Containers is in open beta as of early 2026. The API and configuration format may change before GA. Check developers.cloudflare.com/containers for the latest.

02 — DECISION GUIDE

CONTAINERS VS WORKERS

Workers (V8 isolates) remain the default. Use Containers when the work genuinely requires what Workers can't provide. The two are designed to compose — not compete.

Use Workers when

Request/response latency is critical — sub-millisecond cold start
You can write in JavaScript, TypeScript, or WebAssembly
The task completes in a single event loop turn
You need global distribution across 300+ PoPs
Storage via KV, D1, R2, Durable Objects is sufficient
CPU execution time under 30 seconds per request

Use Containers when

You need Python, Go, Rust, Java, or any language beyond JS/Wasm
The task is CPU-intensive (ML inference, image processing, video encoding)
You need more than 128 MB RAM — up to 16 GiB available
A full filesystem or specific Linux tools are required
You're running an existing Docker image without rewriting it
Long-running stateful sessions with session-affinity routing

The practical pattern: Worker handles auth, rate limiting, request parsing, and routing. Container handles the heavy computation. Worker calls container via fetch() on its exposed port — same as calling any internal service.

03 — ARCHITECTURE

HOW IT WORKS

Three layers compose to give you programmable container lifecycle management on the Cloudflare edge.

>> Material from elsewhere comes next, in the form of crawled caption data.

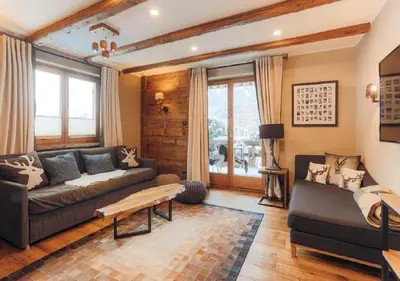 Ein Sitzbereich in der Unterkunft Appartement Aschbach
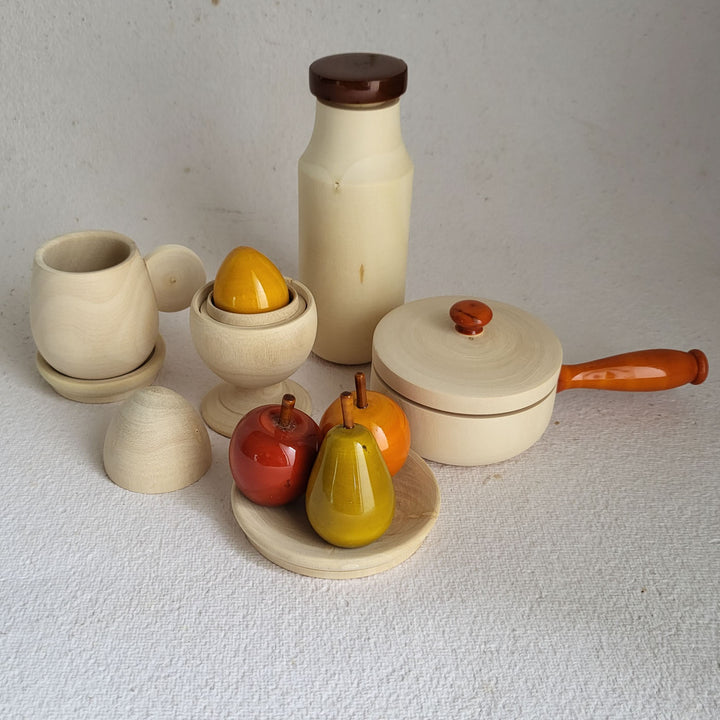 Wooden Breakfast Set Toy | Handmade Etikopakka Pretend Play | 3–6 Years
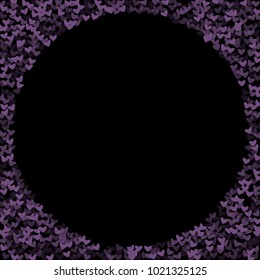 Heart purple pattern which consists of isolated elements. Modern style with beautiful elements in heart paper. Can be used as print, wallpaper, cards, valentine cards, logo, background and etc.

Request → Worker → Durable Object → Container

ClientBrowser / API

→

CF WorkerAuth, routing, logic

→

Durable ObjectLifecycle controller

→

ContainerYour Docker image

Worker

Ingress layer

Receives all external requests. Handles auth, parses the request, decides which container instance to route to, then proxies via fetch(). The Worker has no state — it's stateless by design.

Durable Object

Lifecycle controller

One Durable Object per container instance. It starts the container, holds the container handle, manages sleep/wake, passes environment variables, and executes hooks on status changes. class_name in wrangler.toml must match your DO class.

Container

Your workload

Standard Docker container. Must expose a port (typically 8080) and run as linux/amd64. Receives HTTP requests from the Durable Object. Full Linux environment — any language, any tool, any filesystem layout.

Location selection

When a container is first spawned, Cloudflare selects the nearest edge location that has your container image pre-fetched. All subsequent requests to that Durable Object route to the same physical location (session affinity). If the container stops and restarts, it may land in a different location based on availability and image presence.

Session affinity

Because Durable Objects are globally unique and have a fixed home location, every request that goes to a given Durable Object will go to the same container instance. This makes stateful patterns — browser sessions, long-running jobs, game servers, language runtimes — straightforward to implement.

04 — LIFECYCLE

CONTAINER LIFECYCLE

Containers have five distinct states. Understanding them determines your cold start strategy and cost model.

Stopped

Not running, not billing. Counts zero toward max_instances. Starts on next request.

Cold start

2–3 seconds typical. Image already fetched to edge location. First request waits.

Running

Actively serving requests. Billing by 10ms increments. Session-affinity active.

Sleeping

Idle for sleepAfter duration. Memory preserved. Billing paused. Sub-second wake.

Shutdown

SIGTERM sent. 15-minute grace window before SIGKILL. All disk ephemeral — lost on shutdown.

Sleep vs Stop

Configure sleepAfter to keep the container in a cheap sleeping state between requests. Without it, the container shuts down when traffic stops — next request incurs a full cold start. For interactive sessions (coding assistants, game servers), sleep is almost always the right default.

Graceful shutdown

When a container is stopped — manually or due to a deployment rollout — it receives SIGTERM. Your process should catch this and complete in-flight work within the 15-minute window. After 15 minutes, SIGKILL terminates the process immediately. All disk content is lost — containers have no persistent storage between restarts.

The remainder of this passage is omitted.